Now batteries can be added to that list. Lithium-ion batteries, to be exact. The code HTSUS 8507.60 was included on a list published yesterday of products from China that will be subject to 10% duties under the latest of several rounds of Section 301 tariffs President Trump has imposed.
The announcement that clarified the inclusion of lithium-ion batteries exempted other products based on “health, safety, national security and other factors” and delayed tariffs on a third group until December 15.
China’s battery manufacturing industry casts a long shadow over the rest of the world. Last year the nation hosted two-thirds of global manufacturing capacity for the kinds of lithium-ion products used in electric vehicles and energy storage for the electricity sector.

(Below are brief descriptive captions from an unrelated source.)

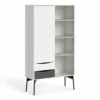 Fur China Cabinet 1 Door + 1 Glass Door + 2 Drawers In Grey And White -Furniture Store fur china cabinet 1 door 1 glass door 2 drawers in grey and white5713035066983 01c MP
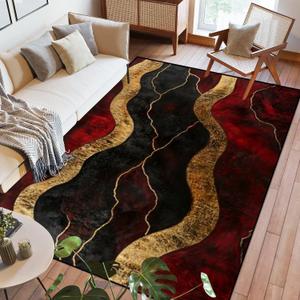 Area Rug Red Abstract Marble Burgundy Black Malachite Gold Veins Aesthetic Washable 6x9 feet Large Rugs for Bedroom Kitchen Living Room Non Slip Outdoor Carpets Soft Mats for Home Playroom Decor (Pattern1)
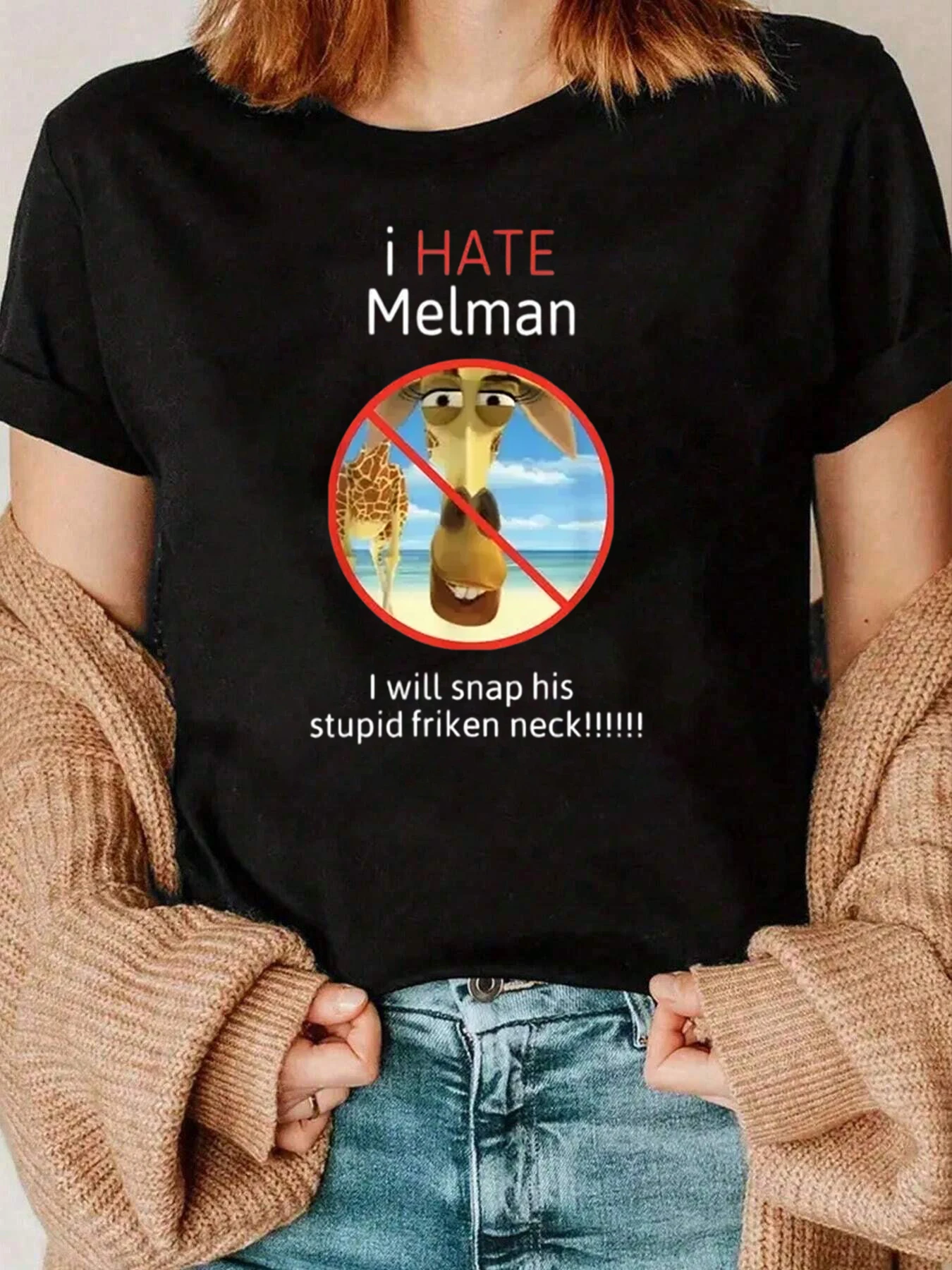 I Hate Melman 漫画プリント T シャツ カジュアルウェア 女性用 220g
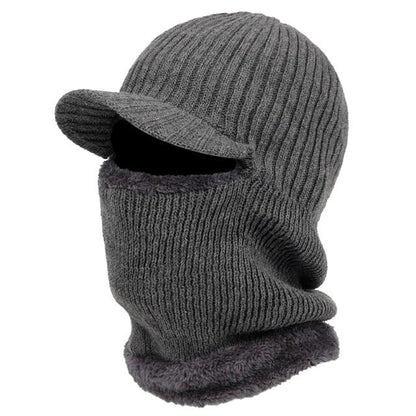 Gray knit balaclava with a cap on a white background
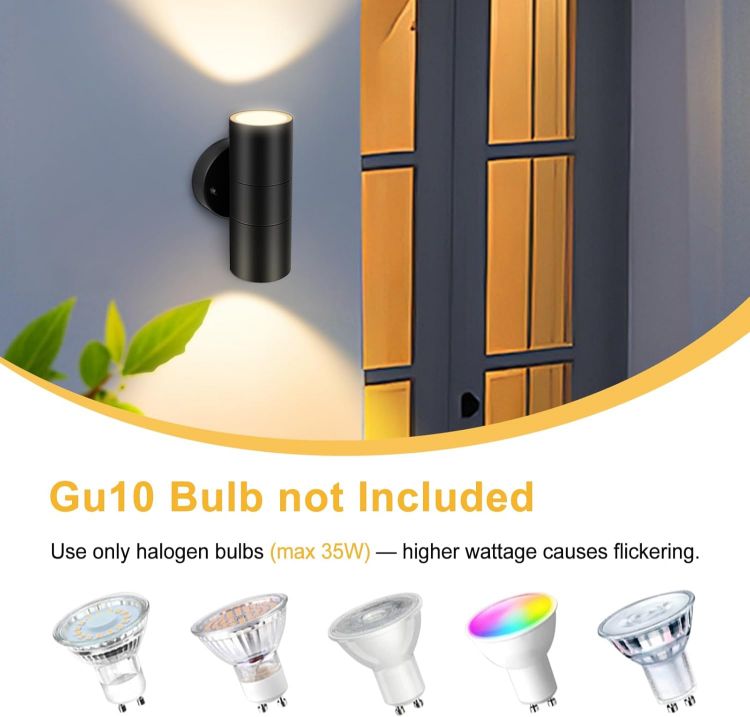 Picture of Kerry Outdoor Wall Lights, Mains Powered, Up and Down, Black | Modern Cylindrical Design, Stainless Steel, IP44 and GU10 Bulbs up to 35W, Not Included, for Patios, Garages, Gardens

In June, Energy Storage Association (ESA) chief executive Kelly Speakes-Backman issued a statement warning the imposition of tariffs on Chinese batteries would have an “immediate and adverse” effect on energy storage deployment:
"The proposed tariffs will stymie growth and job creation as energy storage projects [that have been] already contracted are delayed or canceled. With this, higher costs and uncertainty will create barriers at a time when the demand for improved resilience and clean energy is rising across the nation."
With similar batteries used in electric vehicles, there could be an impact on the EV market too.
U.S. manufacturers not spared
Tariffs should theoretically give U.S. battery makers such as Tesla a competitive advantage versus imports. However, the ESA pointed out a previous round of Section 301 tariffs has already been imposed on some imports of lithium, cobalt and graphite, which make up the main raw materials used in lithium-ion batteries.
As China supplies the majority of the world’s chemical lithium and cobalt – and all of its spherical graphite production – those tariffs are doubtless already affecting Tesla’s Nevada Gigafactory and the small number of other U.S. battery manufacturing firms, including factories such as the one Akasol has planned near Detroit.